In his novel In Heaven as on Earth M. Scott Peck credits C. S. Lewis's The
Great Divorce for his inspiration.
* All the Bells on Earth by James Blaylock (Ace Books). "Blaylock is one of
the most brilliant of that new generation of fabulist writers; All the
Bells on Earth may be his best book...mystical and enthralling...at once
reminiscent of C. S. Lewis's That Hideous Strength and Clive Barker's urban
fantasies." --Washington Post Book World. In fact, Blaylock's book is a
lightweight compared to Lewis's, but it is closely connected to the
Lindskoogs, because it takes place near their home in picturesque central
Orange, CA. The story begins: "A wet winter night.
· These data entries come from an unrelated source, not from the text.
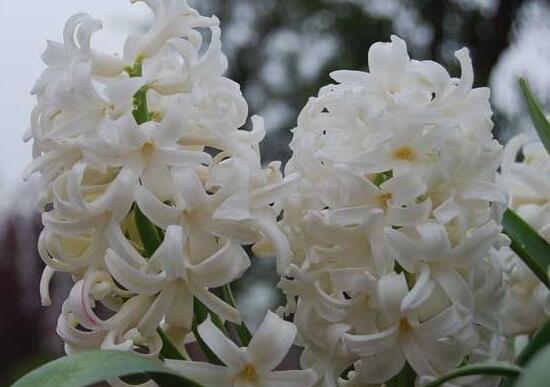 風信子的花期有多長，風信子不開花怎么辦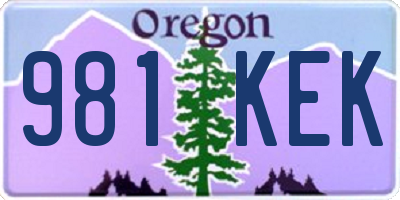OR license plate 981KEK
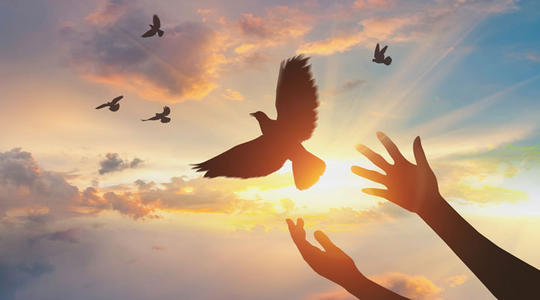 留学生,出国留学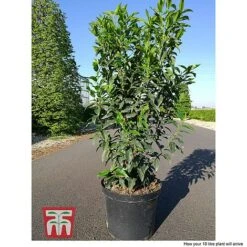 Prunus Lusitanica 'Angustifolia' 7 Prunus Lusitanica 'Angustifolia' -Garden Glory Sales PRUN T66416 D1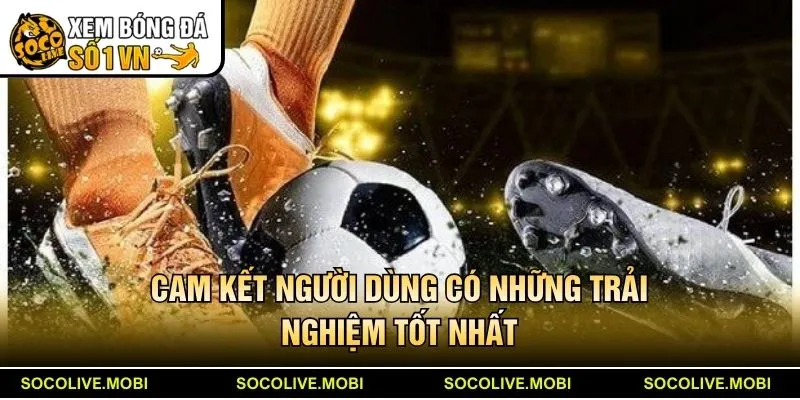 Cam kết người dùng có những trải nghiệm tốt nhất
Nearly two in the
morning and the spirit of Christmas haunts the ocean wind, sighing through
the foil candy canes that sway from lampposts along Chapman Avenue, through
the ribs of the illuminated Santa Claus in the distant Plaza, along empty
alleys dark with shifting, anxious shadows. Raindrops slant across the
misty glass globes of streetlamps, and heavy, broken clouds drift across
the face of the moon. For a few moments the terra-cotta tiles of St.
Anthony's Church glisten in the moonlight." Blaylock lives is central
Orange and is a friend of Legacy reader Tim Powers.